Double Treble Crochet

dtr

Slip Stitch

ss or sl

Slip stitch

ss or sl

Yarn Over

yo

Yarn Over

yo

Explain Any Special Stitches Used

If you used a special stitch or technique that might not be familiar to the person reading your pattern you will need to provide an explanation of this stitches for your readers.

You can provide this information at the beginning of your pattern or you can explain it in the pattern.

If it’s something that is going to be done frequently or is a major part of the design I would explain it at the beginning of your pattern.

For example if you used a cluster stitch in your pattern in the section for special stitches you would explain how to do a cluster stitch. It would look something like this:

Cluster stitch (cl): yo, insert hook, yo, draw loop through, yo, draw through 2 loops over 3 stitches, yo and draw through all loops on the hook.

You could explain it again in the pattern if you think it will be easier for the reader to understand in the context of the pattern.

Basic Crochet Pattern Outline

Hopefully, you took excellent notes during the design phase. If you did, writing your crochet pattern will be a breeze.

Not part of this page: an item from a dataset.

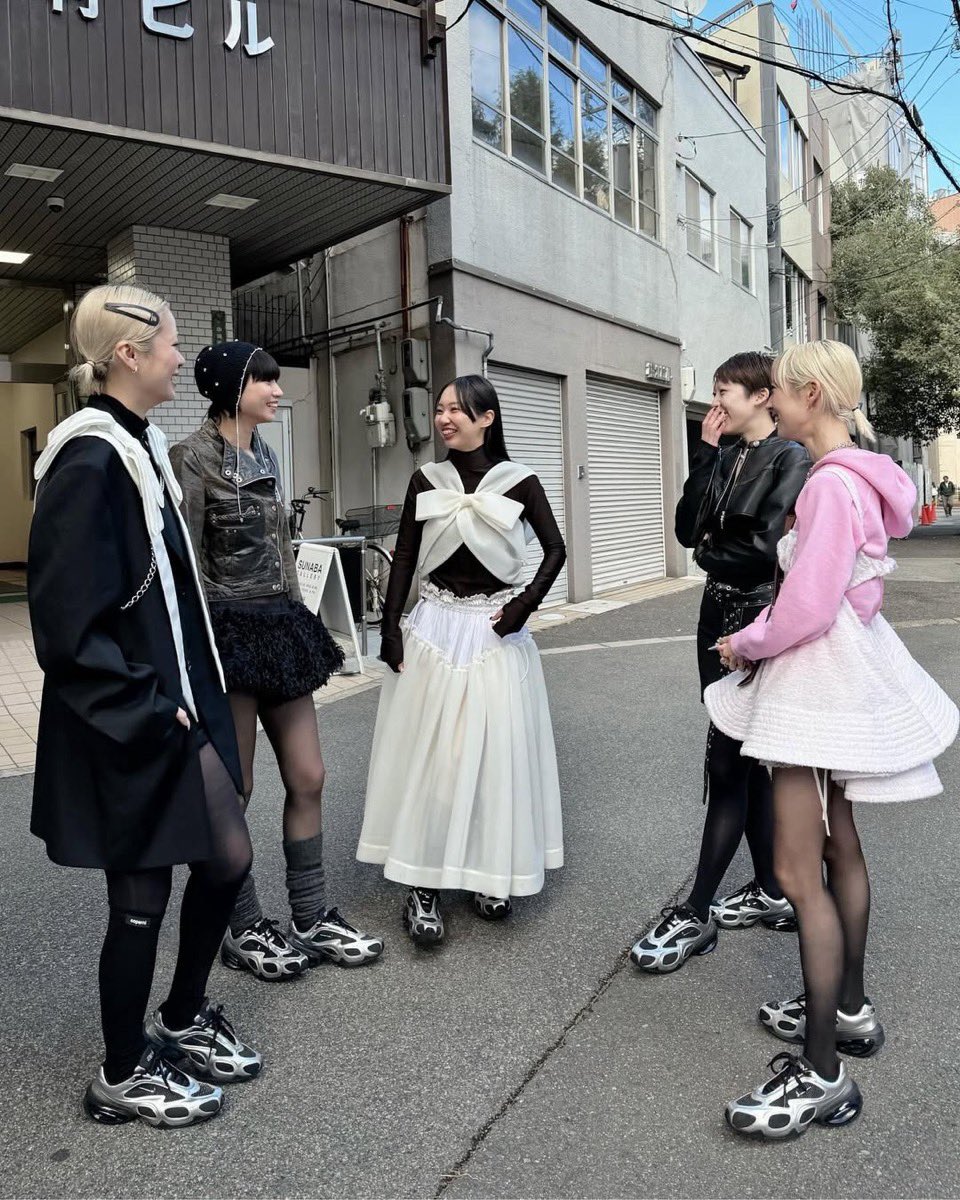 新型ウィメンズスニーカー Nike Air Max Muse “Black and Metallic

Now that we’ve covered the basics I’m going to provide you with an outline to use to write your pattern. You can also download my free crochet pattern template here as an editable word document.

Basic Crochet Pattern Outline

Title:

Materials Needed: {yarn used (include size,color, and brand), hook sizes, scissors, needle, etc go here in bulleted form)

Gauge: (if needed)

4×4 in gauge square: 11 hdc wide and 4 rows

Special Stitches: (if needed)

Finished measurements:

Skill level( is this pattern suitable for beginners,intermediate, or advanced skill levels)

Pattern

Ch. 36 (always start with the number of single crochets used in the starting chain) This does not count as a row.

Row 1: insert hook into 2nd ch from the hook, sc in each stitch (35) ← this number indicates the total number of stitches at the end of row 1. If you are not adding or removing stitches then this number isn’t necessary at the end. Ch 1 and turn. Indicate how many stitches are in the turning chain

Row 2: sc in 2nd ch from the hook and across the rest of the chain, ch 1 and turn (35)

Row 3: repeat row 1. Ch 2 and turn (35)

*If you have repeating rows you do not have to keep writing the same thing over and over again. Simply write row 3-row 5: repeat row 2.

If your super lazy like I tend to be sometimes you can just right R instead of row.

R 4: 2 dc in 1st ch from the hook, dc across, 2 dc in the last stitch, ch 2 and turn (37)

R5-R17: repeat R4 (57)

Cut yarn, tie off, and weave in any loose ends.

Optional Information

At the end of the pattern you can include any other information you would like.

Some designers indicate whether people are allowed to create and sell the items they made from this pattern as long as they give credit to the author in this section.

If your handy with a camera you could create a tutorial and insert the video or link here.

Now to our final and most important step before you hit that publish button!

Test Your Pattern

The last thing you want to do before you submit your crochet pattern to the world wide web is to test your pattern.

You can either find a friend to test your pattern or you can set it aside for a few days and come back to the pattern and try to make it again yourself.

If you do this part it’s important that you follow the pattern as you have written it. If you notice any mistakes or can’t figure out what to do next, chances are neither will a complete stranger on the internet.

The best thing you can do is take notes on what went right and what went wrong. Then you will have to go back and tweak your pattern.

If you can get somebody else to test your pattern that’s even better. Make sure you ask them to leave you feedback.

Final Thoughts

I hope you found this post helpful and informative.If you create and design your own pattern please share your success with me. I’d love to hear and see all the wonderful things you have made.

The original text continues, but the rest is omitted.